● **TASK PROMPT**
From the first line to the last, restate the data exactly, leaving out the images.

---------- DATASET EXCERPT ----------

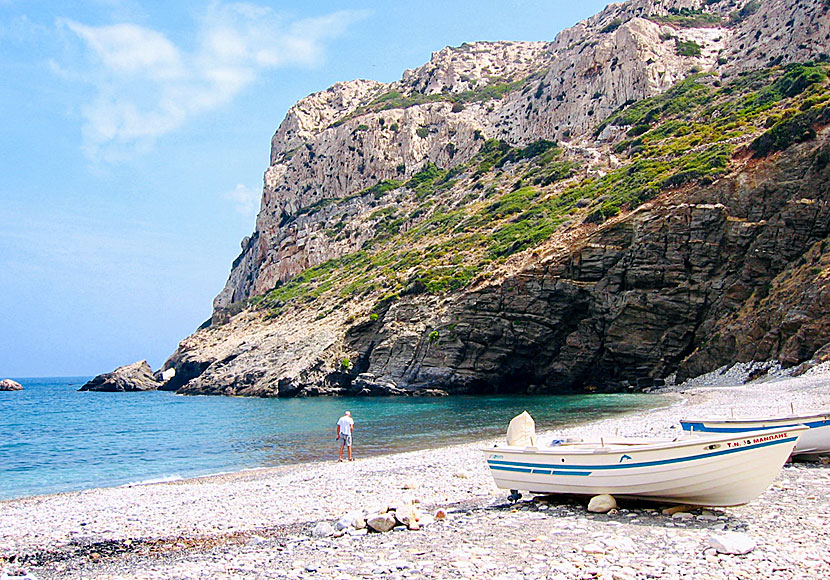 Lionas beach is close to the genuine mountain villages of Skado and Koronos on Naxos.
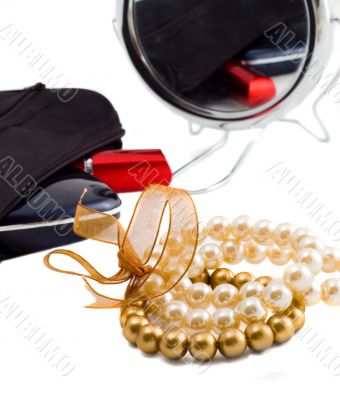 Pearls and makeup set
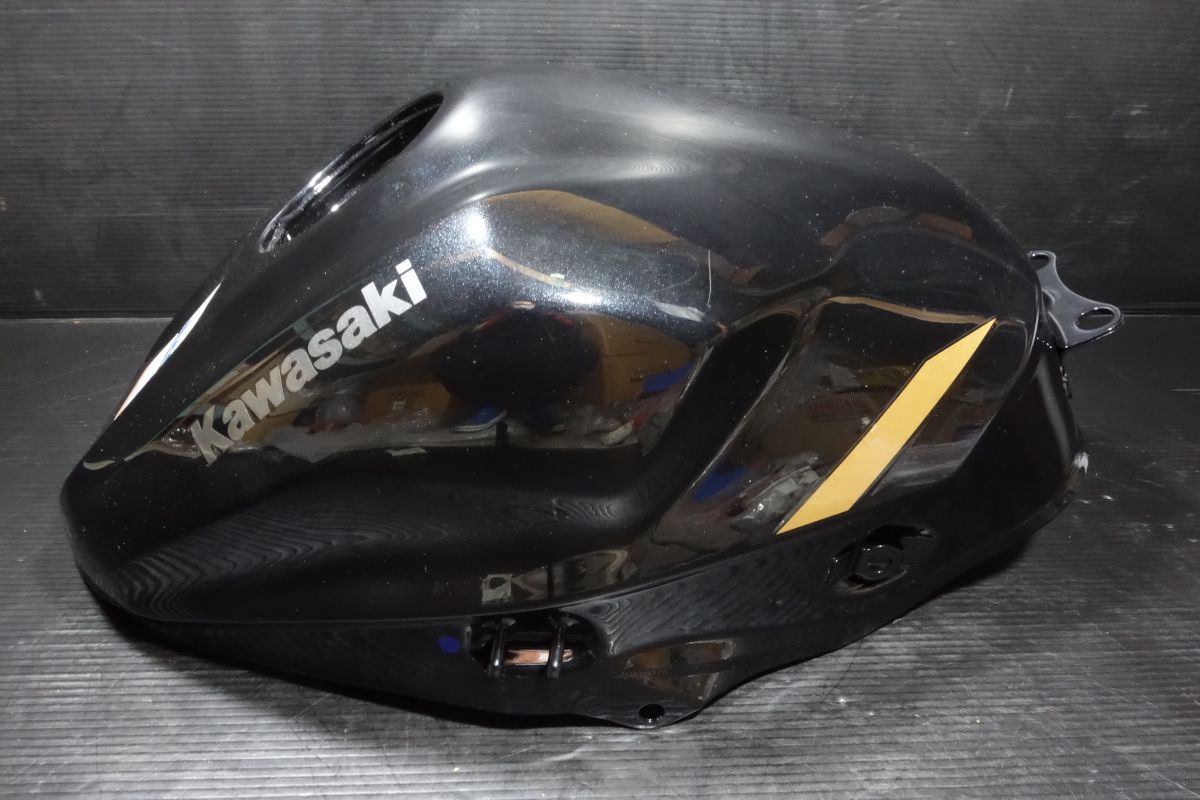 6 タンク ヒューエル 燃料 ガソリン カワサキ 純正 ZX-4RR ZX400P KRT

----------

● **EXPECTED ANSWER**
 Lionas beach is close to the genuine mountain villages of Skado and Koronos on Naxos.
 Pearls and makeup set
 6 タンク ヒューエル 燃料 ガソリン カワサキ 純正 ZX-4RR ZX400P KRT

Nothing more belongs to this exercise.